Top of Extracted entries
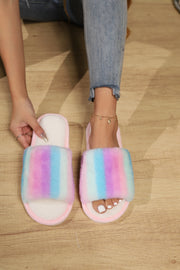 Color Block Open Toe Faux Fur PVC Slippers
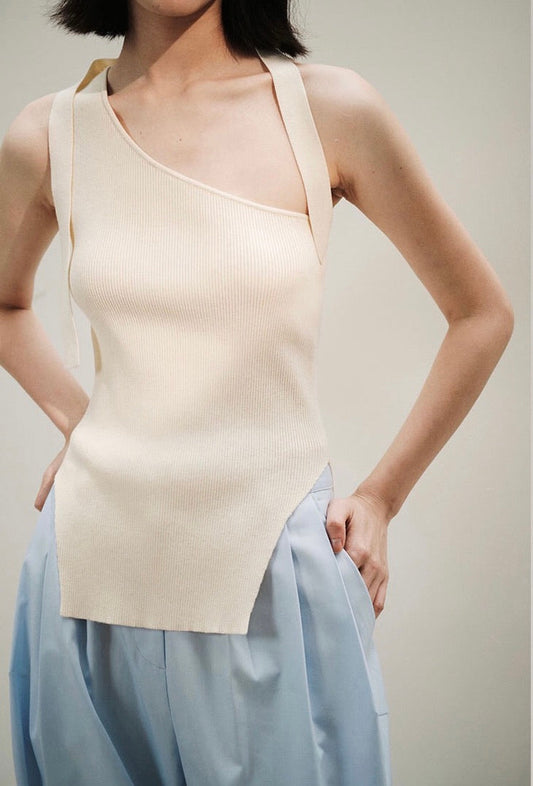 Asymmetric Knit Sleeveless Top in Cream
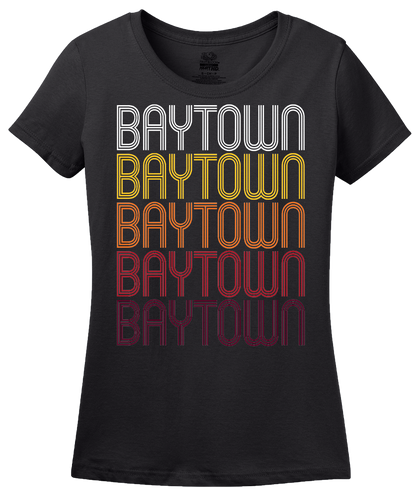 Ladies Black Baytown, TX | Retro, Vintage Style Texas Pride  T-shirt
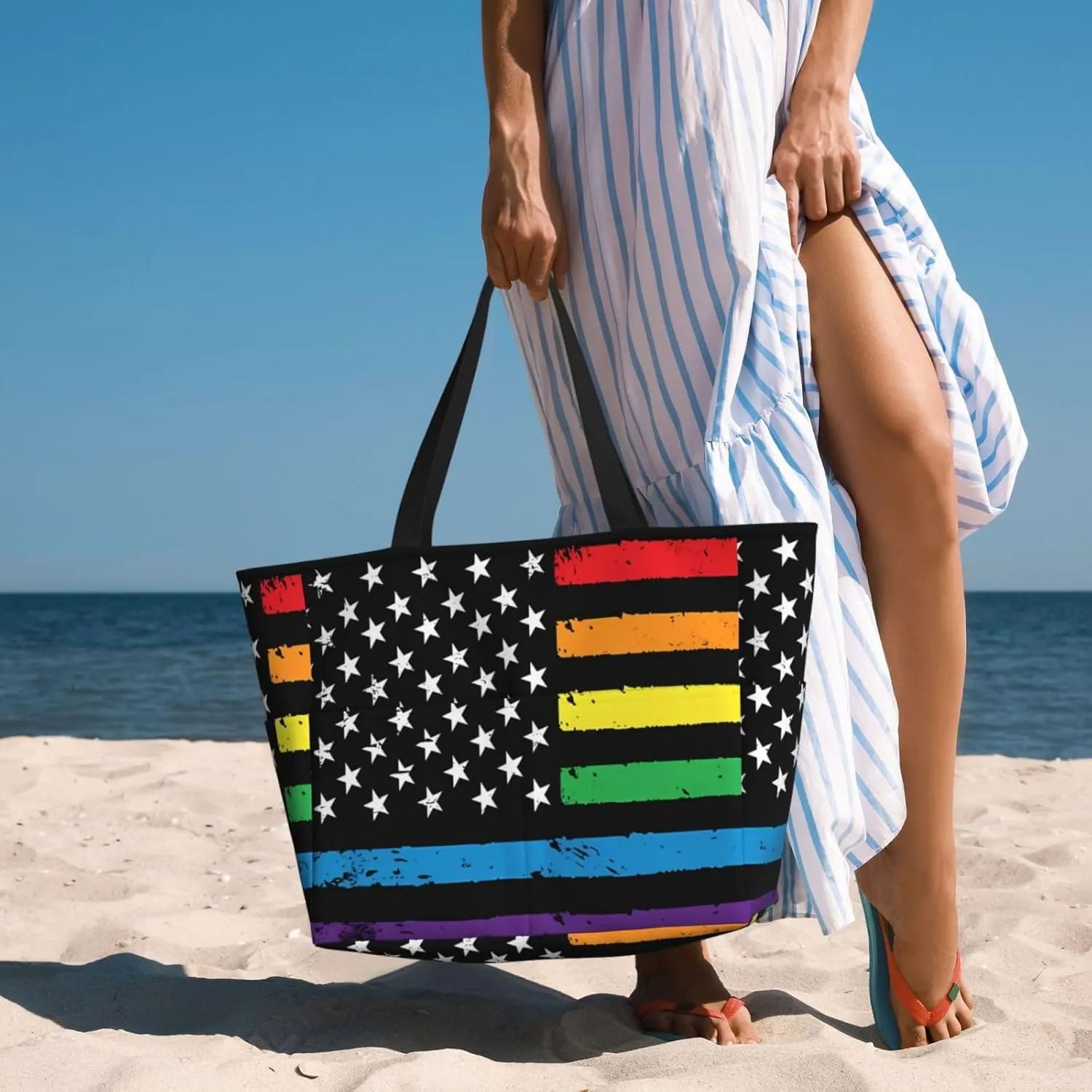 LGBT Pride Rainbow Gay Frog Large Capacity Travel Bag Lightweight Shopping Handbag Beach Tote Bags Casual Work Bag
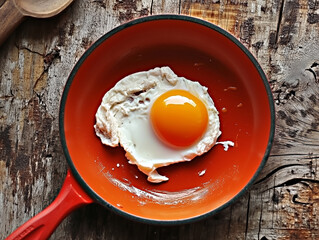 A poached egg in a red frying pan as seen from above on a wooden kitchen worktop.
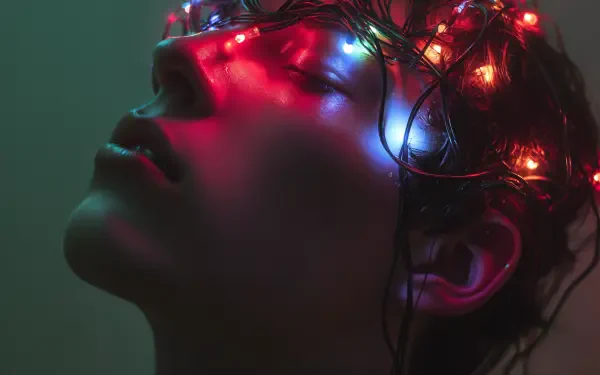 4K Ultra HD PC Desktop Wallpaper and Background — a wet face tilted up, colorful LEDs and wires mapped across the head, evoking a mind upload and cybernetic consciousness.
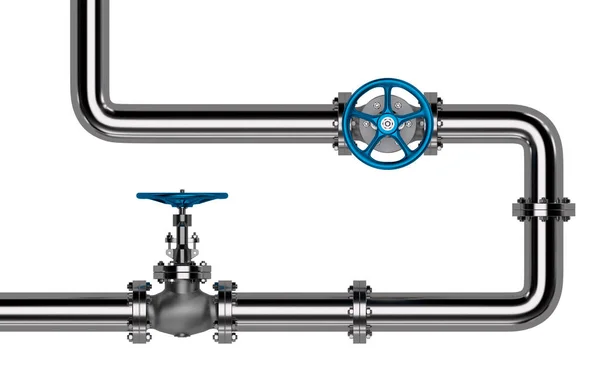 在白色背景下隔离阀门的管道 3D插图 图库图片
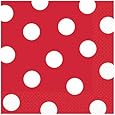 Red Polka Dot Beverage Napkins (36 count)
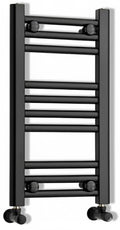 Narrow black heated towel rail radiator shown with angled valves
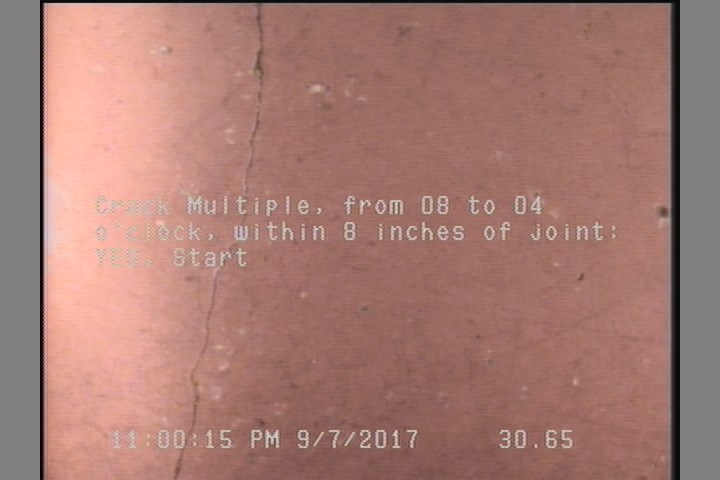 Crack Multiple, from 08 to 04 o'clock, within 8 inches of joint: YES, Start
Bottom of Extracted entries
> What this task involves: Return all of the data exactly as written, and drop the pictures.

> Written reply:
 Color Block Open Toe Faux Fur PVC Slippers
 Asymmetric Knit Sleeveless Top in Cream
 Ladies Black Baytown, TX | Retro, Vintage Style Texas Pride  T-shirt
 LGBT Pride Rainbow Gay Frog Large Capacity Travel Bag Lightweight Shopping Handbag Beach Tote Bags Casual Work Bag
 A poached egg in a red frying pan as seen from above on a wooden kitchen worktop.
 4K Ultra HD PC Desktop Wallpaper and Background — a wet face tilted up, colorful LEDs and wires mapped across the head, evoking a mind upload and cybernetic consciousness.
 在白色背景下隔离阀门的管道 3D插图 图库图片
 Red Polka Dot Beverage Napkins (36 count)
 Narrow black heated towel rail radiator shown with angled valves
 Crack Multiple, from 08 to 04 o'clock, within 8 inches of joint: YES, Start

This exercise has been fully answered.